It is not known exactly when the building was built, but an examination of the building's roof trusses suggests that the property dates from the early 16th century and it is one of the few houses to escape the Great Fire of Northampton in September 1675, when only a part of it was destroyed. The building's name derives from the Hazelrigg family who owned it for many years. It has also been known as Cromwell House and Hazelrigg Manor. The Cromwell reference derives from a local tradition that Oliver Cromwell spent the night at Hazelrigg House on his way to the Battle of Naseby in 1645. Unfortunately this local reference isn't supported by any documentary evidence.

The property has a tiled roof and has three gables; the house as built was originally wider, with five rather the current three gables which were added in the 17th century, probably at the same time that the front of the house was remodelled; an extension was also added at the rear. This rebuilding may have been made in addition to the repairs after its partial damage caused by the Great Fire.

The property was divided into three separate houses sometime in the 19th century, and subsequently (sometime before 1886) reduced in width from 5 gables to the present 3 gables when part was demolished.

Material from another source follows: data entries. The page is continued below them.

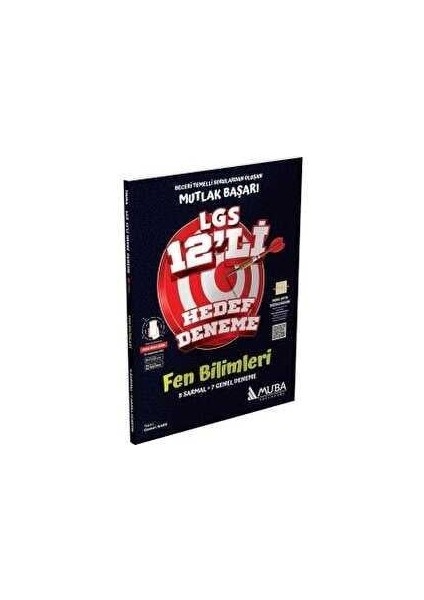 8. Sınıf LGS Fen Bilimleri 12 Li Hedef Deneme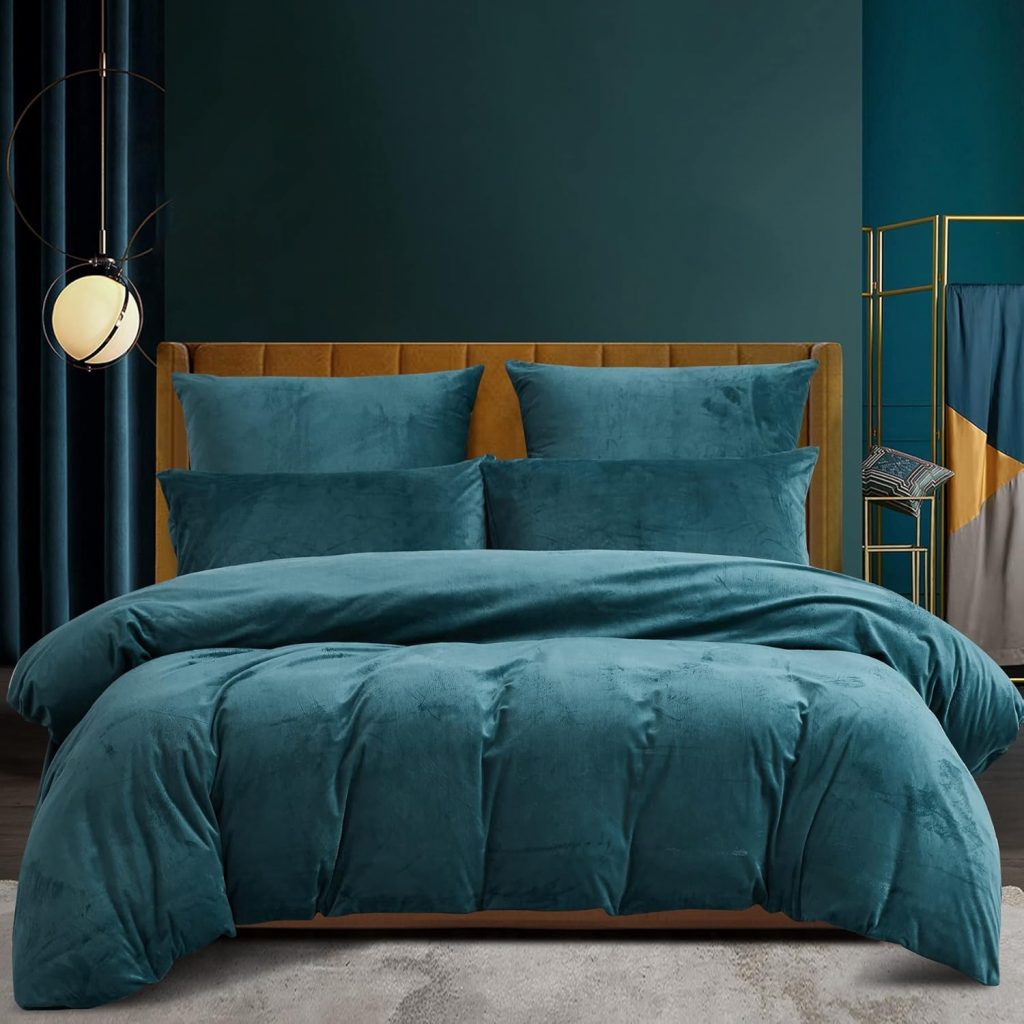 👑 Luofanfei Warme Bettwäsche 200x220 Winter Petrol Blau Flauschig Warm Flanell Plüsch Winterbettwäsche Bettbezug Set Fleece Bettwäscheset Microfaser Bettwäscheset und Kopfkissenbezüge 80x80 cm22,98€ statt 32,99€ - 31,00 % 🔥🚚 Verkauft von Luofan und Versand durch Amazon957 Bewertungen: 4.5 / 5.0 ⭐️⭐️⭐️⭐️⭐️🛒 zu Amazon https://www.amazon.de/dp/B09MRV61QB/?amp%3Btag=preisfehlerheute-21&%3Bamp%3Bth=1&%3Bamp%3Bpsc=1&tag=preisfehlerheute-21
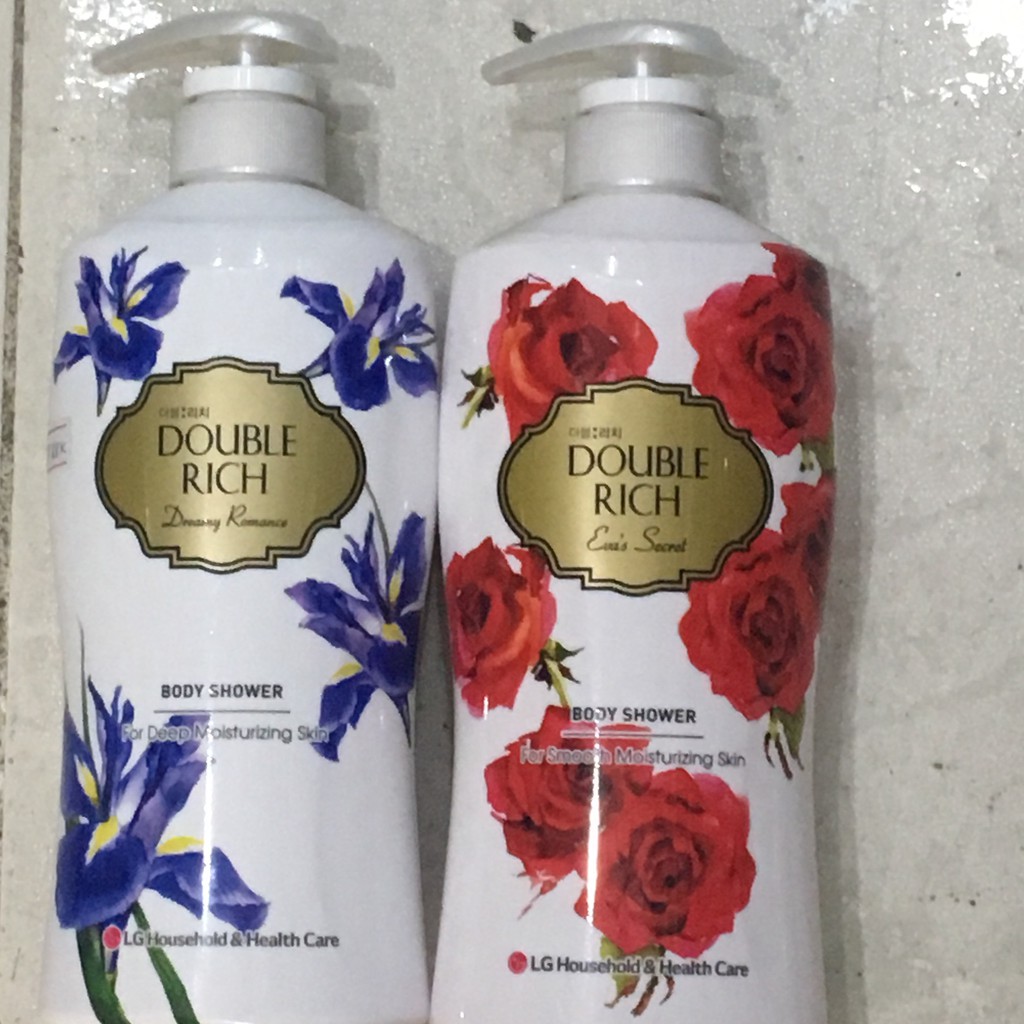 Sữa tắm Double Rich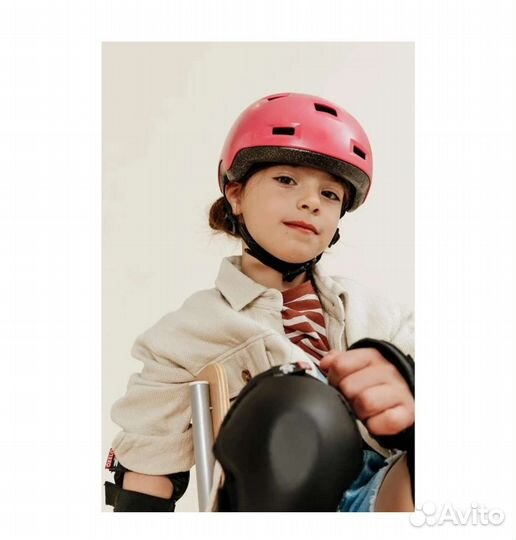 Новый Шлем роликовый oxelo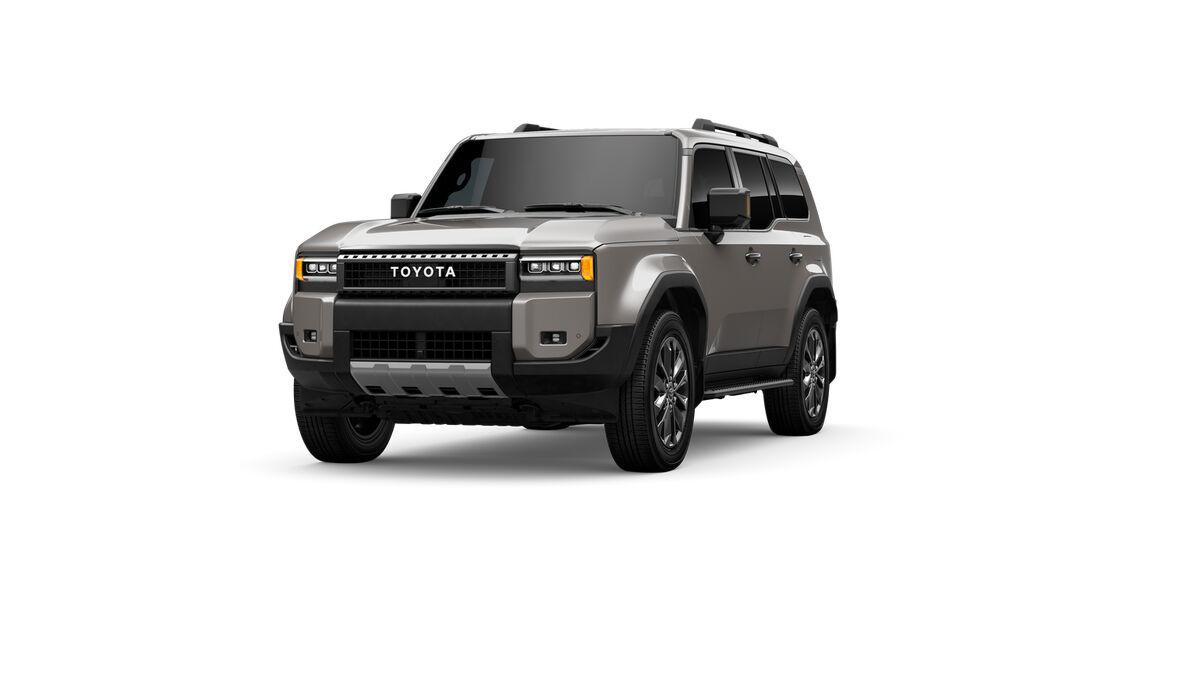 New 2027 Toyota Land Cruiser Base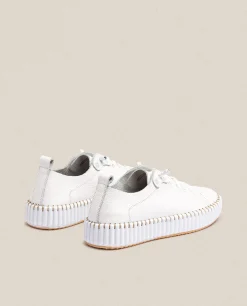 Online Yokono Zapato Plano Sintra 004 Blanco
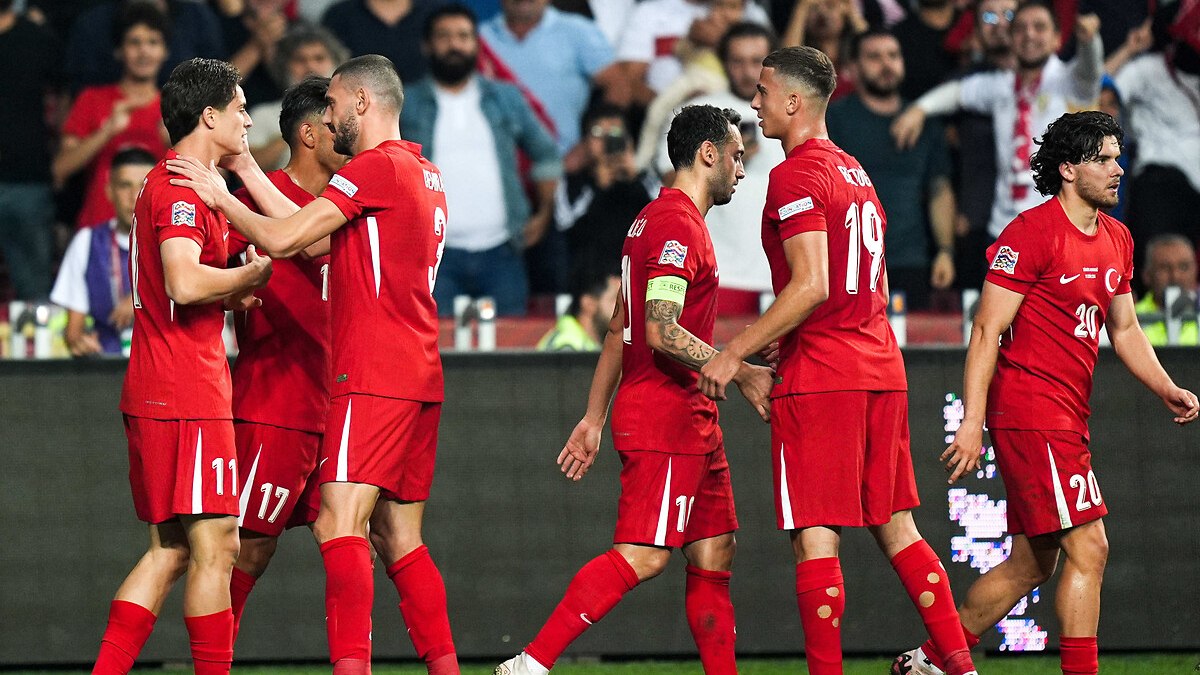 Millilerin rakibi belli oldu! UEFA Uluslar Ligi’nde kuralar çekildi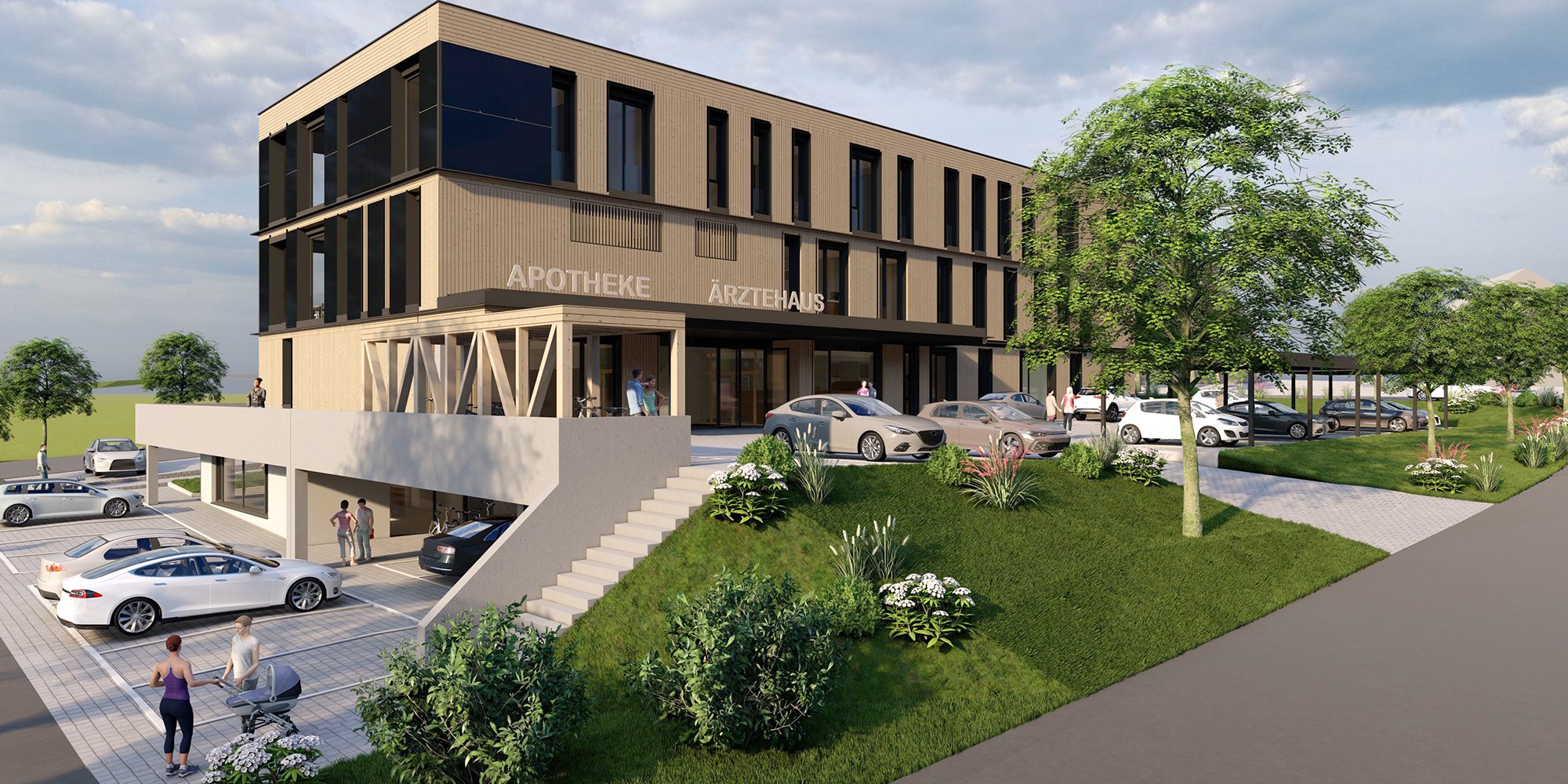 Aktuelles Projekt · Ärztehaus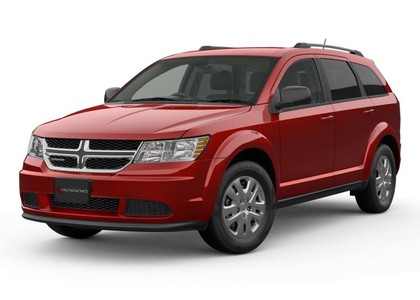 Коврики на Dodge Journey 2007 - 2020 в Смоленске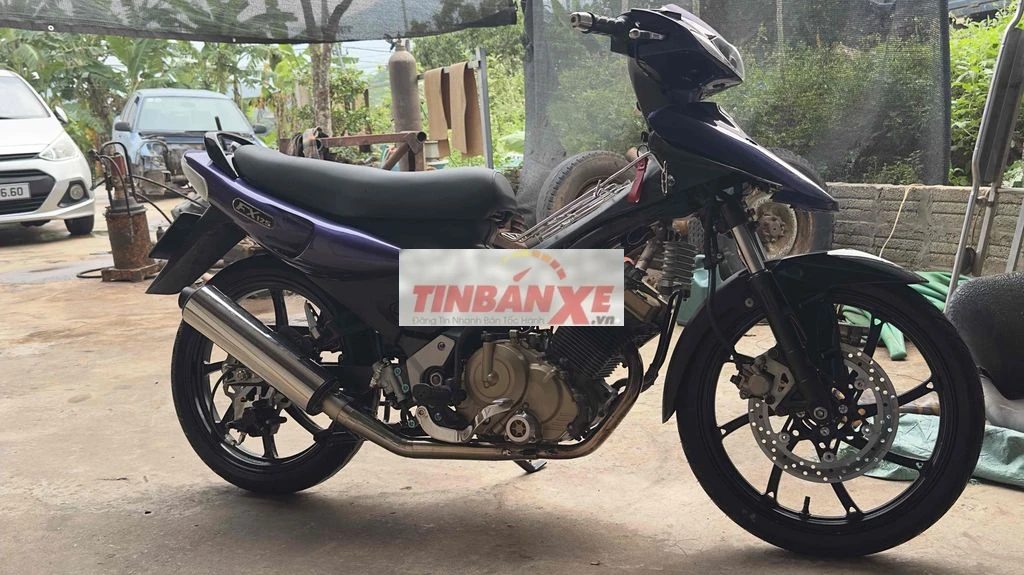bán Suzuki FX 125 Tím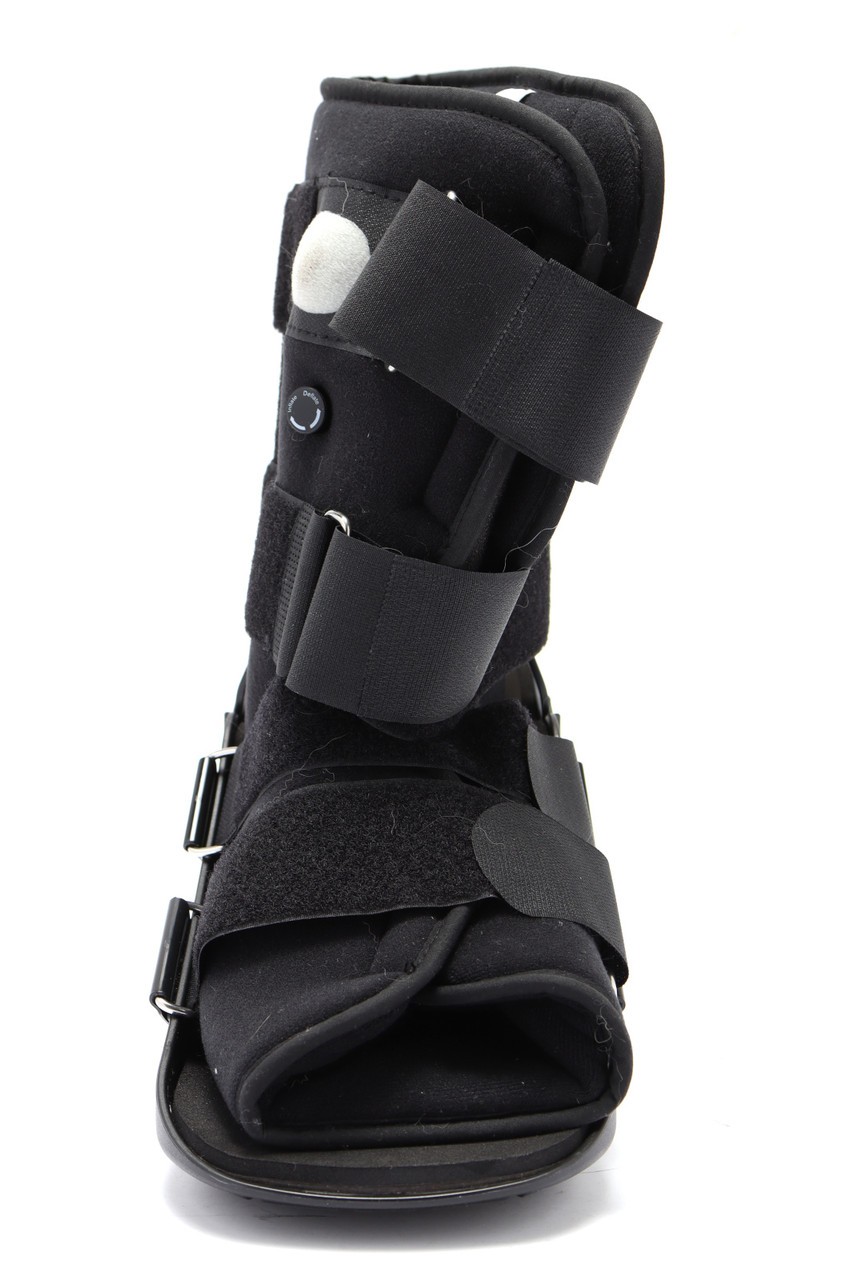 United Ortho USA14017, Short Cam Walker Fracture Boot, Large, Black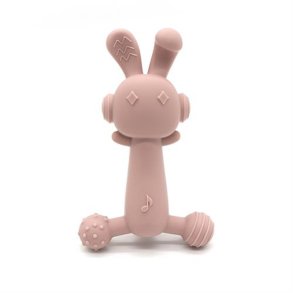 Magni Bidedyr i Silikone m/Taktile Overflader Lyserd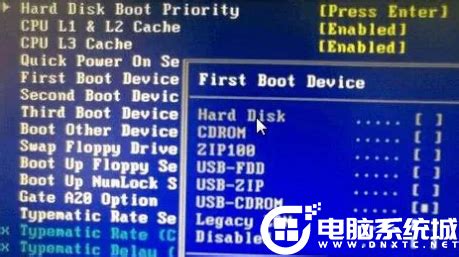 各种BIOS设置USB-HDD启动的方法 - 慧龙软件工作室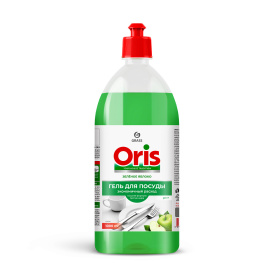 Средство для мытья посуды ORIS Зелёное яблоко, 1 л Средство для мытья посуды ORIS Зелёное яблоко, 1 л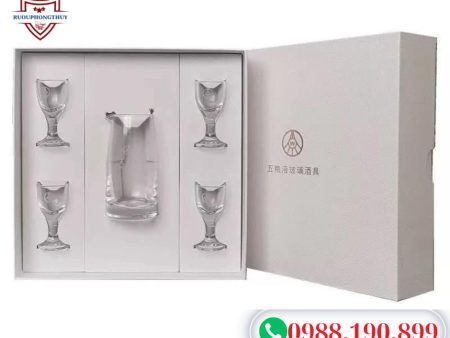 Bộ ly rượu ngũ lương dịch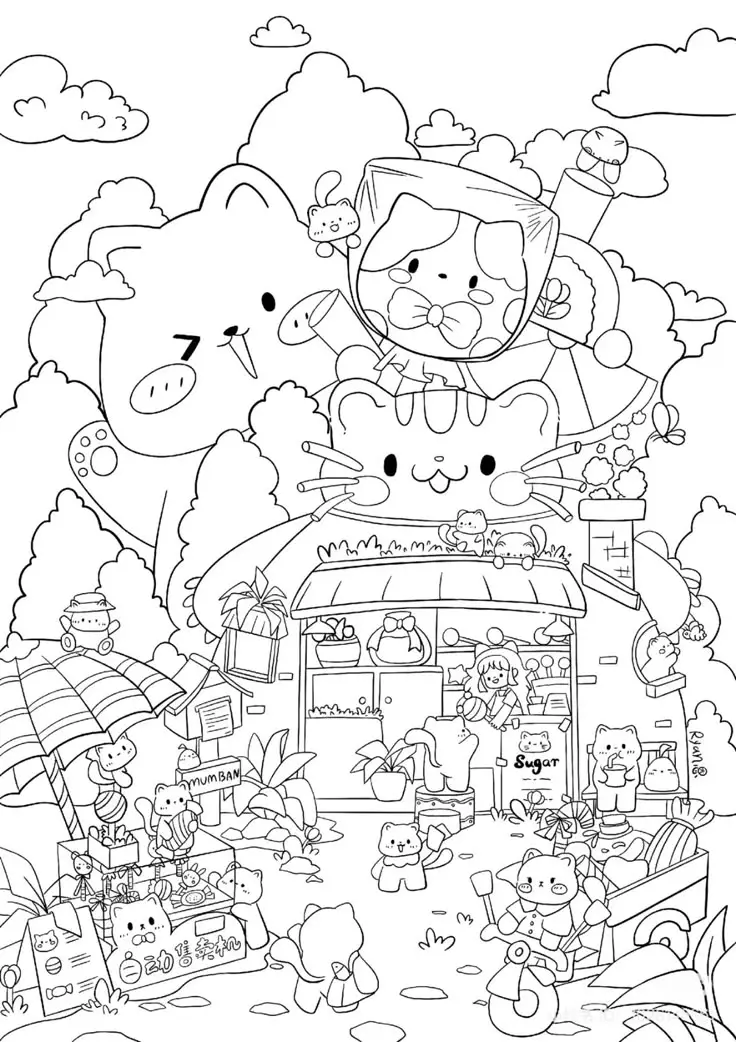 Tranh Vẽ Hồ Gươm Chưa Tô Màu: Hình Ảnh Để Bé Tự Do Thể Hiện Sáng Tạo 30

The house stayed in the Hazelrigg family until 1831. After this, the new owner let the property. In 1913 the Northamptonshire Ladies Club purchased the building to use as its meeting place, sharing it with the local Women's Institute branch as well as the Northamptonshire Architectural & Archaeological Society. In the early 1960s it was acquired by the national architects practice of Marshman Warren Taylor who remained there until the late 1970s. After this the building sat empty for most of the 1980s, by which time it had been acquired by Northampton Borough Council. In 1989 it was refurbished by its tenant, another firm of architects. In 1994 English Heritage became the tenant, staying until 2004; after this the property was occupied by a succession of children's nurseries.; the property was occupied by a theatre company until 2021. After the theatre company left the building remained unoccupied until Feb 2024.

On the 19th Feb 2024, Square Feet Cowork, a local company offering coworking, meeting rooms and serviced office hire entered into a new 10 year lease with the landlord, West Northamptonshire Council. The new venue will open to the public in April 2024.

Pevsner describes the building thus: "Dates from 17th C. Altered later and reduced in size. Coursed rubble, three big dormers with semi-circular gables typical of the mid 17th C. Tall mullioned windows. Irregular fenestration. Doorway with flat classical surround. Staircase with twisted balusters. Probably later."